Interview: Jon Ronson


Filmmaker, author and humorist Jon Ronson just released a fascinating new ebook about ordinary individuals who are trying to live extraordinary secret double lives: they are donning extreme costumes and taking to the streets to fight crime as real-life superheroes. The book, The Amazing Adventures of Phoenix Jones: And the Less Amazing Adventures of Some Other Real-Life Superheroes is available for download from Amazon and other ebook retailers. It is a quick-paced and engaging read that I know you folks will enjoy.

Jon was kind enough to answer a few questions for us about the book and the superheroes he encountered during its creation.

Rebecca O’Malley (RO): How did you first become aware of the real-life superhero movement?

Jon Ronson (JR): It was Twitter. There was a flurry of tweets about Phoenix Jones. Someone from Seattle tweeted about how proud they were of their city that it could create something as fabulously insane as Phoenix.

So I watched a short CNN segment about him, and kind of knew that I was destined to go on patrol with him. He just felt like someone waiting to be written about by me. He was a mix of genuinely inspiring, mysterious, awesome, but also kind of absurd. I really liked that combination.

RO: How difficult is it to track down and gain the trust of someone who is trying to keep his identity a secret?

JR: It was tough. I had to go through an emissary, Peter Tangen, whose own origin story is amazing. Peter is a Hollywood studio photographer. He shot the movie poster for Spiderman. When he learnt that there were people doing in real life what Tobey Maguire was only pretending to do on a film set, it unlocked something profound in him. He became compelled to become their official photographer and media advisor. So whenever I wanted to talk to Phoenix, I had to approach Peter Tangen.

RO: You’ve written about psychology before, so I’m sure some of your expertise in that area must have influenced how you viewed the real-life superheroes. What do you think motivates these individuals to create these identities and seek out danger? Boredom? Altruism? Swagger? Or just a need for excitement and attention?

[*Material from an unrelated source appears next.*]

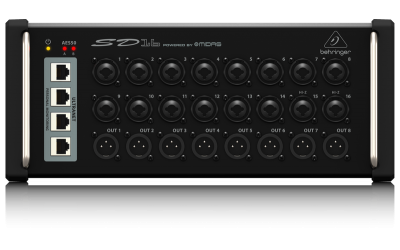 Цифровий сценічний блок BEHRINGER SD16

JR: All four of those things!

RO: Do you have a personal opinion as to whether it is appropriate for these individuals to attempt to intervene in situations that are normally kept solely in the realm of the police?

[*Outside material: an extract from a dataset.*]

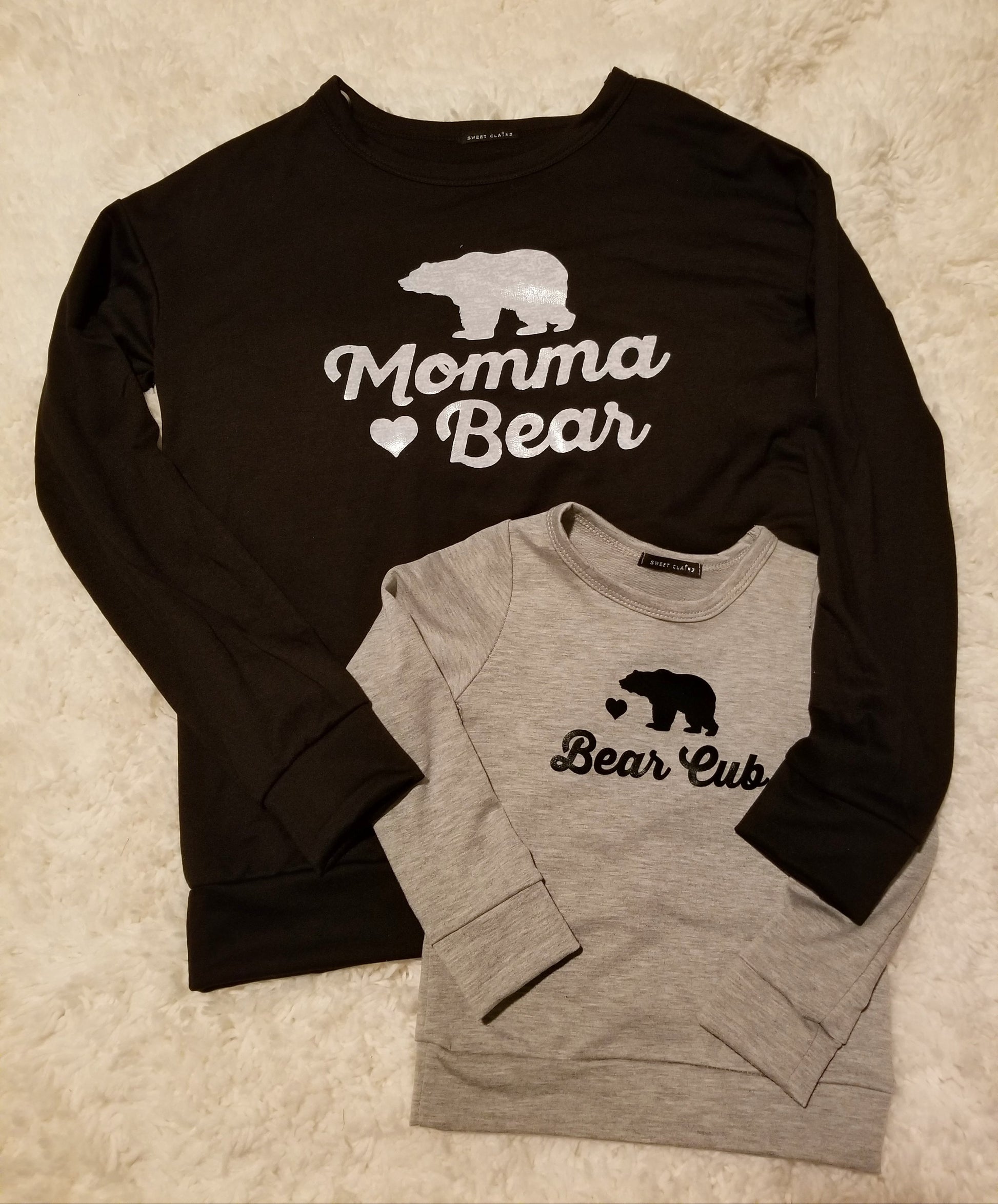 Bear Cub Top - Summer at Payton's Online Boutique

JR: Well, I'm a liberal, so I'm instinctively against the idea of what's basically a form of libertarian vigilanteism. But you can't help falling for Phoenix when you hang out with him. He's so goofily charming and inspiring and charismatic, your sagacity goes out of the window a little. You kind of fall in love with him.

RO: Do you believe that they are actually making the streets safer?

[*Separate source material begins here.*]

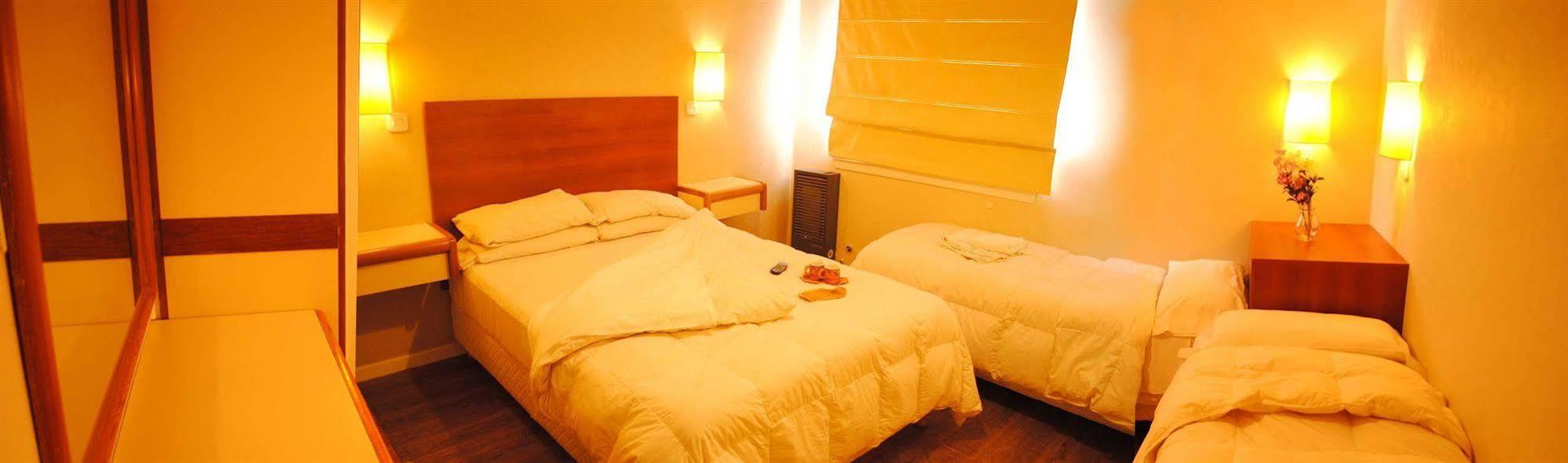 Hosteria Nogare Сан-Карлос-де-Барилоче Экстерьер фото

JR: I think they perform acts of derring-do that improve people's lives, yes. But I also think they're so addicted to doing good, they'll sometimes leap into a situation that they oughtn't. One time Phoenix tried to give a taco to a drunk driver to sober him up. The drunk driver refused it. Phoenix insisted. The drunk driver got violent. Phoenix pulled out his taser... So sometimes things will inadvertently escalate.

RO: There were a few times in the story when the would-be superheroes seem very disappointed that their evening patrol did not result in the discovery of any ongoing crime. What did you make of that? Does it expose something about their desire for either excitement or notoriety?

JR: Yes. It's a bit of a worrying character trait. One time they started hassling some wizened old addicts at a bus stop at 3am in Seattle. I was thinking, "Leave them alone. They'll be gone by the time the daytime people arrive."

In the middle of my adventures with Phoenix I had dinner one night in New York with Ira Glass. I was telling him all this stuff, how I thought they should leave the crack addicts alone, but I was probably mainly thinking that because I'm scared of confrontation, and Ira said, "Your position obviates the need for superheroes."

I don’t want to obviate the need for superheroes! But I do think they should be careful out there.